The problem is, when the pendulum does start to swing back, will it have any impact? Will people trust what others are saying?
Steven Covey, in his "7 Habits of Highly Effective People" first introduced the notion of trust, not as a soft social virtue, but as a hard edged economic driver that can be deposited and withdrawn from one's emotional bank account. He suggested that it takes a long time to build up the trust balance by way of small deposits and this balance can be quickly depleted with just one withdrawal - as in this example.
Trust is a critical resource at the moment. As Niklas Luhman found in his famous 1979 study: "Trust reduces the feeling of uncertainty. Trust makes a person feel more secure with regard to his or her acting or not acting. With trust, the person has the feeling of knowing what will happen in the future." And finally, "Trust is used to lower the uncertainty regarding other people's behaviour".
So in the current situation, how can organisations maintain trust with their staff and other key stakeholders?
We know that in tough times, people strive to satisfy their basic needs - food, shelter, security. It's been suggested that adults have little awareness of their security needs except in times of emergency or periods of disorganisation. As adults however, we continually look for these needs in our children. Children openly display the signs of insecurity and we readily respond to these.
So when managing staff, perhaps we need a renewed awareness of people's basic needs. That means more socialising, interacting and even physical contact such as hand shaking, hugs etc are needed. Some of you may have seen the news item recently of a man giving out "free hugs" in New York. Many people were sceptical, but you could almost feel the positive energy from the people who were interviewed after experiencing a hug.
As an example of effective socialising, one colleague who works in the construction industry took his four direct reports to the football - a first for him and the firm. The mood and particularly collaboration within his team, has improved dramatically since.
And the same is true for other stakeholders such as customers and suppliers.
Will you do more face-to-face or phone communication rather than email? Cost pressures have led to many face-to-face meetings being replaced with teleconferencing, with varying degrees of success. Teleconferencing can be extremely effective for discussing the key business issues. However, how do you handle the necessary social interaction? How do people build the essential social and emotional bonds required to cement lasting deals? How do you have a virtual meal, drink, tea/coffee together? And what happens after the meeting?

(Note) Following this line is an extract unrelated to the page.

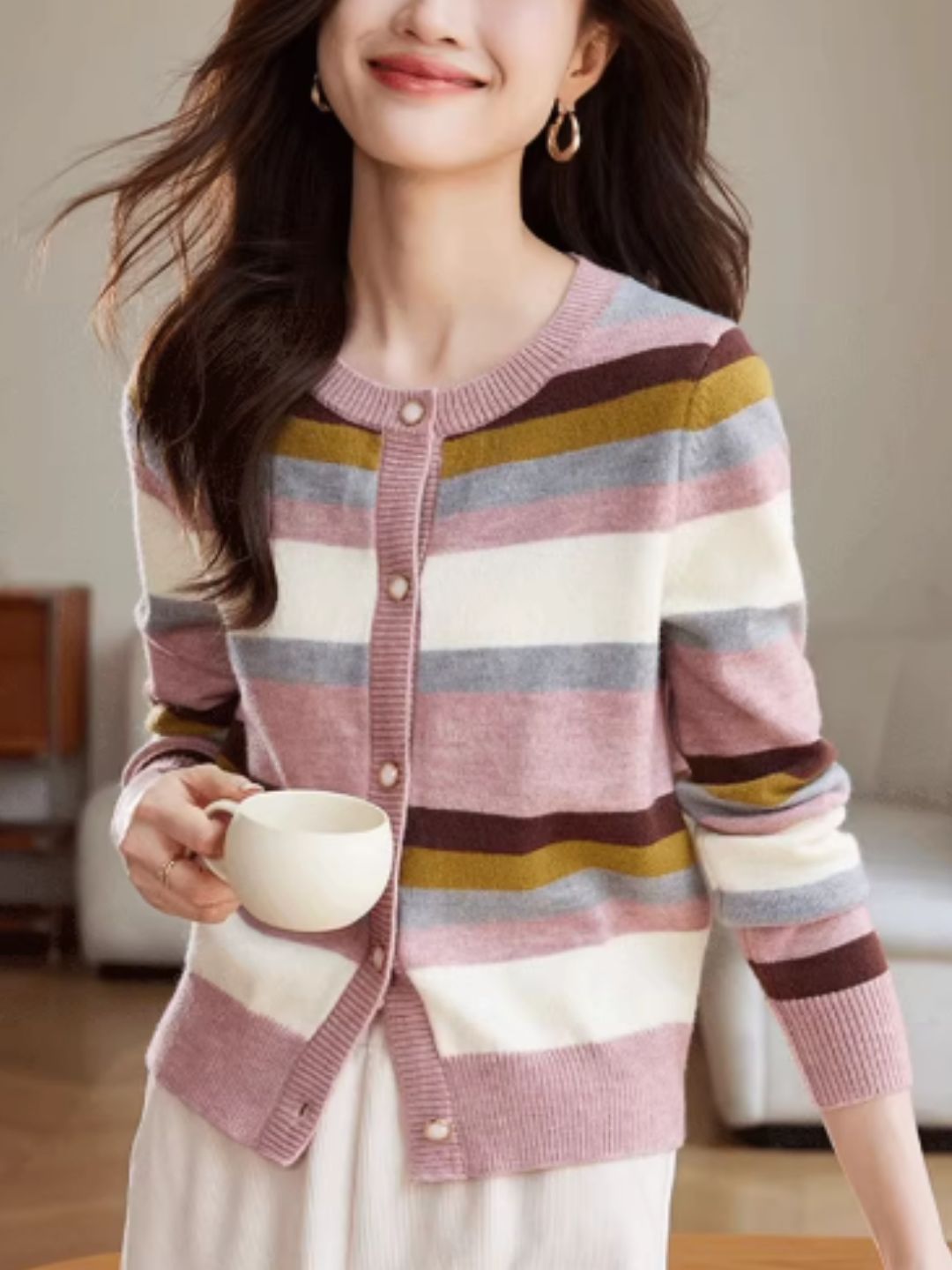 Rainbow Stripe Knit Cardigan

Experience suggests that there are often "meetings after meetings" where small local groups gather (generally over tea or coffee) to discuss what was really said or meant in the meeting and by whom.
How will your product or service (or perhaps the way you deliver these) help satisfy your key stakeholders basic needs for safety and security? You may recall my earlier story of how Hyundai has dramatically increased their market share in the US by applying this basic principle of catering to people's need for security rather than thinking of their own drive to increase sales.
The message? As a manager working with staff and other stakeholders:
- Look for ways to increase social contact
- Search for options that will satisfy people's need for safety and security
- Be prepared to spend more face-to-face time with key people
- Be prepared to discuss the "undiscussable" (if you don't, others certainly will, and often negatively)
People can only do their best work when their basic needs are acknowledged and met. Customers and suppliers can only be true business partners when they feel safe and secure working with you.
In these times, it's important to stress security, food, and shelter before talking about business performance. It's important to build your trust deposits with the people that are so important to your success.